Why I Love: Stupid lore

Posted on 08/12 18:04 in | 0

"The president has been kidnapped by ninjas. Are you a bad enough dude to rescue the president?" Hell, yes I am. Start! It might be hard to believe now, surrounded as we are by games that tell their stories with all the humor and lightheartedness of a Zack Snyder movie, but video games have a history of being goofy and unashamedly stupid. And I love it. I love the dumb fun of it all, the absurd logic that guides some of the most beloved creations of this industry.

Take Metal Gear Solid and Halo for example. These are two of my very favorite franchises in all of gaming. But the former is about a clone (or, depending on the game, the clone's "father") with a nanomachine virus in his veins who fights nuclear-equipped robot dinosaurs.
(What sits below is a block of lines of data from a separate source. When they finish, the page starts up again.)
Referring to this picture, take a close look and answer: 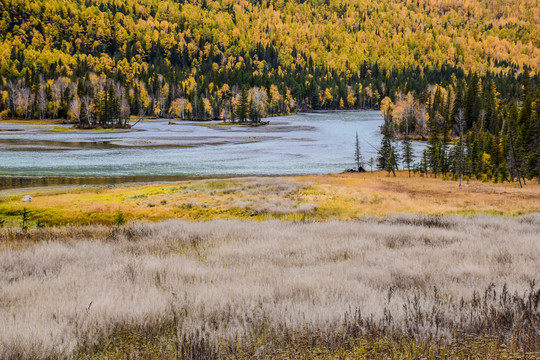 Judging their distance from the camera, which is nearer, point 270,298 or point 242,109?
point 270,298

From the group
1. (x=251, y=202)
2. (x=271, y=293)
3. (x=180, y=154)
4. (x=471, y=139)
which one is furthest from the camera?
(x=471, y=139)

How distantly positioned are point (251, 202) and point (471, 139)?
62.3m

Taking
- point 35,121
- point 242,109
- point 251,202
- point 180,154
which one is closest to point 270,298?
point 251,202

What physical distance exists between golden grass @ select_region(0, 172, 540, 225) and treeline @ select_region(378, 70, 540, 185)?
11.5 m

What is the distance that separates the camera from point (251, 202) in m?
27.9

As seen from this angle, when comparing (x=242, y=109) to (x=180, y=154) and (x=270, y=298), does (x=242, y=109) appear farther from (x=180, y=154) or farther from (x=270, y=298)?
(x=270, y=298)

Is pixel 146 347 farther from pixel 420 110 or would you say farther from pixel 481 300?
pixel 420 110

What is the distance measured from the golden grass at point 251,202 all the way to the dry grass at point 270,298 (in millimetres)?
10843

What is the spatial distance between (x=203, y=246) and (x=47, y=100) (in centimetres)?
14575

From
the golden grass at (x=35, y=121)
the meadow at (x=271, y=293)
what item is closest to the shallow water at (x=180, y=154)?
the golden grass at (x=35, y=121)

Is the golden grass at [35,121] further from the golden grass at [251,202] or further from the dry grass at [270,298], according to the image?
the dry grass at [270,298]

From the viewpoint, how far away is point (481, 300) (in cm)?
611

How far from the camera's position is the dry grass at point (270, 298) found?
4.46 meters

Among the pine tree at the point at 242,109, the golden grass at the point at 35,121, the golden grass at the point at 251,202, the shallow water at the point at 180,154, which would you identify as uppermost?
the pine tree at the point at 242,109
The last game alone starred a man with shrapnel sticking out of his head, parasites that understand English, a dog with an eyepatch trained to use a knife with its mouth, a giant robot with a flamethrower robo-phallus, and a woman who breathes through her skin.
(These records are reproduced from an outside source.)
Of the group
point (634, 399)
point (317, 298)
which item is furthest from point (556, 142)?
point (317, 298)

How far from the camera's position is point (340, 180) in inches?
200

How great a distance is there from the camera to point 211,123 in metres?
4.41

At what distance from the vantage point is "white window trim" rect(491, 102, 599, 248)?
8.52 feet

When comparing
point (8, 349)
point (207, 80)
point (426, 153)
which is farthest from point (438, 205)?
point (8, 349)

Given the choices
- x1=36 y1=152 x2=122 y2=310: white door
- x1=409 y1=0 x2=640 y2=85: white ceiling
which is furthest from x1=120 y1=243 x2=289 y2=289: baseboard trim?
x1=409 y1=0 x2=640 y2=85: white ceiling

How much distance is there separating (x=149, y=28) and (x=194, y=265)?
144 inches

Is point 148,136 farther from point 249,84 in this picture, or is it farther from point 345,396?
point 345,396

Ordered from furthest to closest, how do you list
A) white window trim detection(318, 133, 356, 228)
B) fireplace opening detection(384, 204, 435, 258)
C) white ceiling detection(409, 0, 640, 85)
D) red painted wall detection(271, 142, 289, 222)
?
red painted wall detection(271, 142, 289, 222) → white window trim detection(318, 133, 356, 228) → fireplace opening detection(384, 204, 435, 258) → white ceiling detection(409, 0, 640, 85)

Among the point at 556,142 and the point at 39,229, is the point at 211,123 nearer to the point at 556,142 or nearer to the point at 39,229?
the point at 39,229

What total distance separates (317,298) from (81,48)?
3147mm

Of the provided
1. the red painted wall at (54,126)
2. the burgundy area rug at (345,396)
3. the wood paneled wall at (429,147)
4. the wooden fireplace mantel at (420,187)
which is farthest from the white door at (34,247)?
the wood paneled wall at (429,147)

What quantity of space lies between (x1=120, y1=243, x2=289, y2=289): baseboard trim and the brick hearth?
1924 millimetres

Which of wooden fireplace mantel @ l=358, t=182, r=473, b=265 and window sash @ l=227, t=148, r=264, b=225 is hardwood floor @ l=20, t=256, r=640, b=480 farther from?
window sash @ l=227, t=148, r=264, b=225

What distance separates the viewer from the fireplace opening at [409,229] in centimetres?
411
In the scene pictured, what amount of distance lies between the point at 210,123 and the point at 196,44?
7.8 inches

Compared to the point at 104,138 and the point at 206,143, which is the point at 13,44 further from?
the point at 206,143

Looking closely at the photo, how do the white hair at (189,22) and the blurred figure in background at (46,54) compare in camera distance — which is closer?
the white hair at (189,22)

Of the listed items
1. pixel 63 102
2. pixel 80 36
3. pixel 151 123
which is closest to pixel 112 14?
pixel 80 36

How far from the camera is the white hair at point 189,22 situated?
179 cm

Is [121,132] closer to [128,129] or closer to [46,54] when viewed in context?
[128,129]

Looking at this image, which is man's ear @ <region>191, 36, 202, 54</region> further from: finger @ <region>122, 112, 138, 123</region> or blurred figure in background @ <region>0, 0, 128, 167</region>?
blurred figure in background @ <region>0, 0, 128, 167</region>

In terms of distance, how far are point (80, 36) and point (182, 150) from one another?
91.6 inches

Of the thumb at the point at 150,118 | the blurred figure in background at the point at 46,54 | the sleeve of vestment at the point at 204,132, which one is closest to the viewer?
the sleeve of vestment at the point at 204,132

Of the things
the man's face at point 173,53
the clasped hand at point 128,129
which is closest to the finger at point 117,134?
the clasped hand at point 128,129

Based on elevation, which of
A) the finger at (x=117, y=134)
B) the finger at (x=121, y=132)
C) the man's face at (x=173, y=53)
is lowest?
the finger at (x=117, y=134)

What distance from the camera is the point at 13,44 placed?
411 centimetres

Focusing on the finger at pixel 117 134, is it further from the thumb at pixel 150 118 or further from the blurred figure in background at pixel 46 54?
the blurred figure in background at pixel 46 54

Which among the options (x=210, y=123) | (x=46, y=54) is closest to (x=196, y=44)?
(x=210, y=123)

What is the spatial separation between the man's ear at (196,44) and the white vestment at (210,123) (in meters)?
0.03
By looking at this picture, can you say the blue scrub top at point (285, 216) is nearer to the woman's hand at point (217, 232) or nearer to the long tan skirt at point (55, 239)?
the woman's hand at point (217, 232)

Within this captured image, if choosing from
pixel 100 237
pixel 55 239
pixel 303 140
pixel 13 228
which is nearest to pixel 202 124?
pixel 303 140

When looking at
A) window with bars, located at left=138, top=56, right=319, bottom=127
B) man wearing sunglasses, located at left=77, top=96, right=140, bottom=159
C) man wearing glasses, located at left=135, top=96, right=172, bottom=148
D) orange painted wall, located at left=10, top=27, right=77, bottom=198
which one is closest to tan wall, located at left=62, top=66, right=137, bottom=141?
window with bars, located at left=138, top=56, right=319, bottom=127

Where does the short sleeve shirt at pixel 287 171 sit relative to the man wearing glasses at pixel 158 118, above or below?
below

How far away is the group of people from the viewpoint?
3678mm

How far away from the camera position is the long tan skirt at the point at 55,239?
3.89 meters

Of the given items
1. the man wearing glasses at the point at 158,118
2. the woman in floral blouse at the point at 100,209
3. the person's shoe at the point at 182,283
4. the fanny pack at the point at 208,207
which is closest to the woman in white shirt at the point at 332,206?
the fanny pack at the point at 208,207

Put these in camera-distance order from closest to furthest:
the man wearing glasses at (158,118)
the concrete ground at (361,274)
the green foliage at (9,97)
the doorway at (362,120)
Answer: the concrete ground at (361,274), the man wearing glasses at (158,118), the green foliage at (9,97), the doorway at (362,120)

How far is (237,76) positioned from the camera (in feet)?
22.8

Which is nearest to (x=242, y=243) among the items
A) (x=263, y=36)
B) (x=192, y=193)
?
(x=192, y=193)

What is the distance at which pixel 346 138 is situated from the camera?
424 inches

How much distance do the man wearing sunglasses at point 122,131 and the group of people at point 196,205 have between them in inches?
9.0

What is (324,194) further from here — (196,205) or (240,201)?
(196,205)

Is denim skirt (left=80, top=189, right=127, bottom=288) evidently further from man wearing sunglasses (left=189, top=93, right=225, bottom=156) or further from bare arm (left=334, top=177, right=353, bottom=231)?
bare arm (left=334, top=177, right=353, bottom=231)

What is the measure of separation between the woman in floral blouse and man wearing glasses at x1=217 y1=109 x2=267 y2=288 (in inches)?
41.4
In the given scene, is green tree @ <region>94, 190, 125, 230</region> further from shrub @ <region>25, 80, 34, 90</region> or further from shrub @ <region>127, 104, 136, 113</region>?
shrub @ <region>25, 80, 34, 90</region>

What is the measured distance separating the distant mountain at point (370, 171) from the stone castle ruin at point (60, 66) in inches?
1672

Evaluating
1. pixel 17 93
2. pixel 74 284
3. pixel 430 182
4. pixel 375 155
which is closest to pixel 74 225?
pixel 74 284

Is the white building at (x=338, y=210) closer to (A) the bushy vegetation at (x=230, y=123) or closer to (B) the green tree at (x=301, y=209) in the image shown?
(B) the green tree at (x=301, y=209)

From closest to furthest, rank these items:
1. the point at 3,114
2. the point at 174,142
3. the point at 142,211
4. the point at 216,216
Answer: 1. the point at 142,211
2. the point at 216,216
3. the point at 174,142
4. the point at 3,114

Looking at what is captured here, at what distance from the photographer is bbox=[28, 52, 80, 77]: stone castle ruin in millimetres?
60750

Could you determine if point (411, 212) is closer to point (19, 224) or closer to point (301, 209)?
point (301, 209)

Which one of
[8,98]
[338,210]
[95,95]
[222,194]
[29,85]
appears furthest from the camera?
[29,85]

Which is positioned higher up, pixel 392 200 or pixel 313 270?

Meanwhile, Halo is about cyborg supersoldiers from the future who shoot aliens in the face. Oh, and another type of alien that basically makes space-fungus-zombies. Oh, and another type of alien that were essentially gods. Also, humans used to be super-advanced and space-faring, but the space-gods de-evolved us so we wouldn't be a threat to them. Also also, the space-zombie alien used to be the space-gods that existed before the space-gods, and holy crap, this just keeps going, doesn't it?

Let's be honest with ourselves: all of the above is straight-up dumb. These histories and lore read like something that came out of a highschool creative writing workshop where everyone put one verb or noun into a hat, and wrote a story using all of those words. Don't misunderstand though; I'm not being condescending here. When I say the lore is dumb, those feelings come from a place of love. I genuinely appreciate and applaud the silliness these games get away with.
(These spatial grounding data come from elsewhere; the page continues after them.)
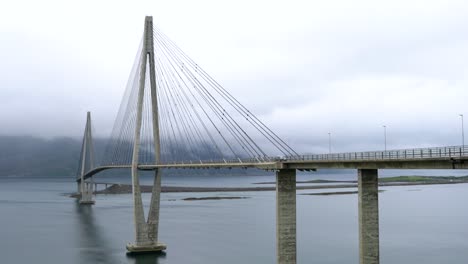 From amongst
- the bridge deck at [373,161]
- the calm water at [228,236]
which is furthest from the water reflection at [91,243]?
the bridge deck at [373,161]

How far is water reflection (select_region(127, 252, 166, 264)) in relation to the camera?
2114 inches

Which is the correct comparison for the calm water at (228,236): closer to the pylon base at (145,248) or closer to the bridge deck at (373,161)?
the pylon base at (145,248)

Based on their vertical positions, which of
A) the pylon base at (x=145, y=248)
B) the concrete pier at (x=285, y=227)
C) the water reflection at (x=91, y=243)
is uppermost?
the concrete pier at (x=285, y=227)

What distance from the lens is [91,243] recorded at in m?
67.9

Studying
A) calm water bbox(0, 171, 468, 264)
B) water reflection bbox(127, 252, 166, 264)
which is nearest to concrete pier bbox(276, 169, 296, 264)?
calm water bbox(0, 171, 468, 264)

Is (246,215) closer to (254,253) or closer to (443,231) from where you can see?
(443,231)

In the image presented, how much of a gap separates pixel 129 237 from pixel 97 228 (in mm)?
15455

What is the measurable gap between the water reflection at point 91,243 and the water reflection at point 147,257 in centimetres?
227

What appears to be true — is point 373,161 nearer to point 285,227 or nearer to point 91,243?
point 285,227

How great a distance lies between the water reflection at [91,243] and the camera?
55922mm

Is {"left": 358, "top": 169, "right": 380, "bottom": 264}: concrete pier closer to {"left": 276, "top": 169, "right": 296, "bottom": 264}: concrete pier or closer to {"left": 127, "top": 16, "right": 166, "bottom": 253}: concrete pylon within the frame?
{"left": 276, "top": 169, "right": 296, "bottom": 264}: concrete pier

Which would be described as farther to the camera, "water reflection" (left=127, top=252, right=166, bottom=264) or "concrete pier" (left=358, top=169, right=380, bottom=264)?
"water reflection" (left=127, top=252, right=166, bottom=264)

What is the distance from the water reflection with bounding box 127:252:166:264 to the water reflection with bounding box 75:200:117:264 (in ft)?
7.44

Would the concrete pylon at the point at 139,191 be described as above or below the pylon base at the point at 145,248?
above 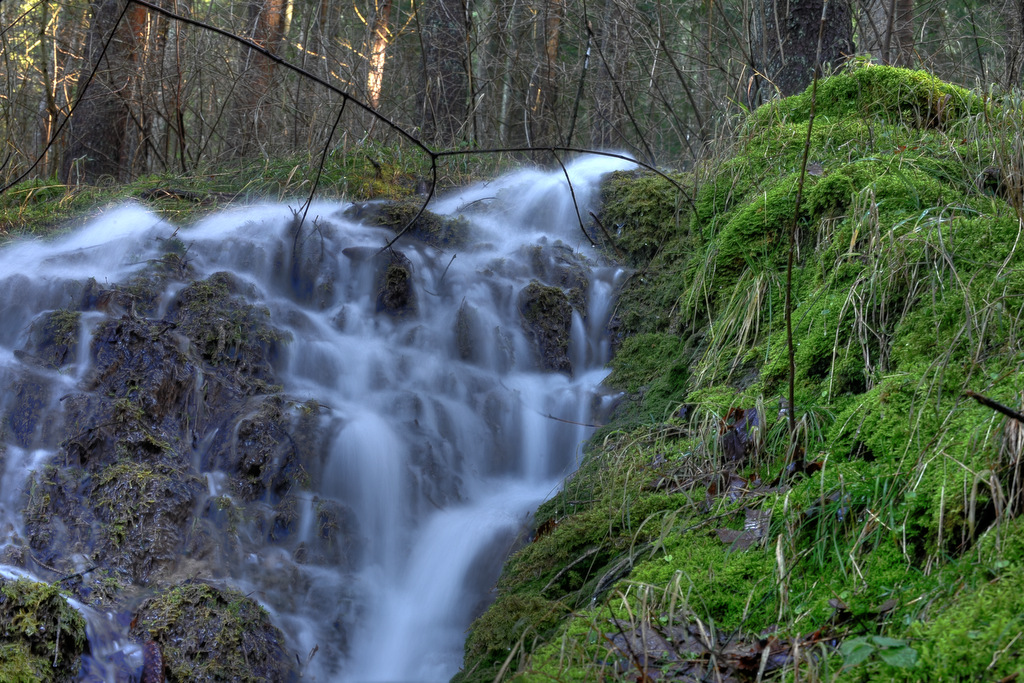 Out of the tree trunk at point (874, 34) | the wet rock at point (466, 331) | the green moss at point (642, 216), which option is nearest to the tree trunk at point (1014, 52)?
the tree trunk at point (874, 34)

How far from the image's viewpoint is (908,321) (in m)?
2.60

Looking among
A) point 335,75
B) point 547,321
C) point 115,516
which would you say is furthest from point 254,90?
point 115,516

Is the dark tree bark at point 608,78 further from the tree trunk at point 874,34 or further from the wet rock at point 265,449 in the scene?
the wet rock at point 265,449

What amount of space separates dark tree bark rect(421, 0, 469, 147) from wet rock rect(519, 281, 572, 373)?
3.20 metres

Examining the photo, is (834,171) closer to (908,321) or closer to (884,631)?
(908,321)

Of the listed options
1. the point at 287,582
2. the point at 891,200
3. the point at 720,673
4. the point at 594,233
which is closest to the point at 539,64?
the point at 594,233

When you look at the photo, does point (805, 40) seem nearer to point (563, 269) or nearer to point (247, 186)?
point (563, 269)

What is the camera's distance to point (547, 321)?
4.91m

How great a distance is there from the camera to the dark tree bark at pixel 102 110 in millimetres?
7211

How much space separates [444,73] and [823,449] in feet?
21.8

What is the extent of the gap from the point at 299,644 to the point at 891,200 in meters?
3.04

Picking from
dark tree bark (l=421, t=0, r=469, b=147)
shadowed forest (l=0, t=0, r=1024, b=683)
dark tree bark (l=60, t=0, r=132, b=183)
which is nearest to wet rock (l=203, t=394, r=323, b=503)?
shadowed forest (l=0, t=0, r=1024, b=683)

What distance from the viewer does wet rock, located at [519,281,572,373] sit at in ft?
15.8

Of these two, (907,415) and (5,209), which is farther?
(5,209) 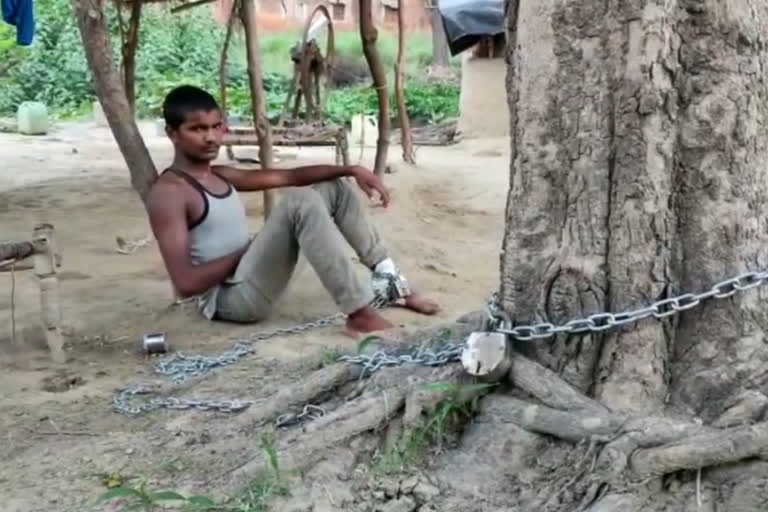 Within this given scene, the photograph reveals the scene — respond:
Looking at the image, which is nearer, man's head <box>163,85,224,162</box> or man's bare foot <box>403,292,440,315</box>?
man's head <box>163,85,224,162</box>

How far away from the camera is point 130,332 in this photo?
4309mm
See, stupid lore takes me back to a time when video games weren't everywhere. I'm glad that more people than ever before are playing games, but mainstream appeal requires a certain amount of watering down of your most outlandish ideas and behaviors. It's why most of that wacky Halo lore I summarized comes not from the games (which have to sell millions of copies to be profitable), but from books and comics (which can only sell thousands and still be considered a success).

As a general rule, the more mainstream you try to be, the less stupid you're allowed to get. And that's really too bad. Stupid lore might be… well, stupid, but it's also unique. It reminds me that I'm playing a game, and that games are unlike anything else. They're stupid, they're special, and they're ours.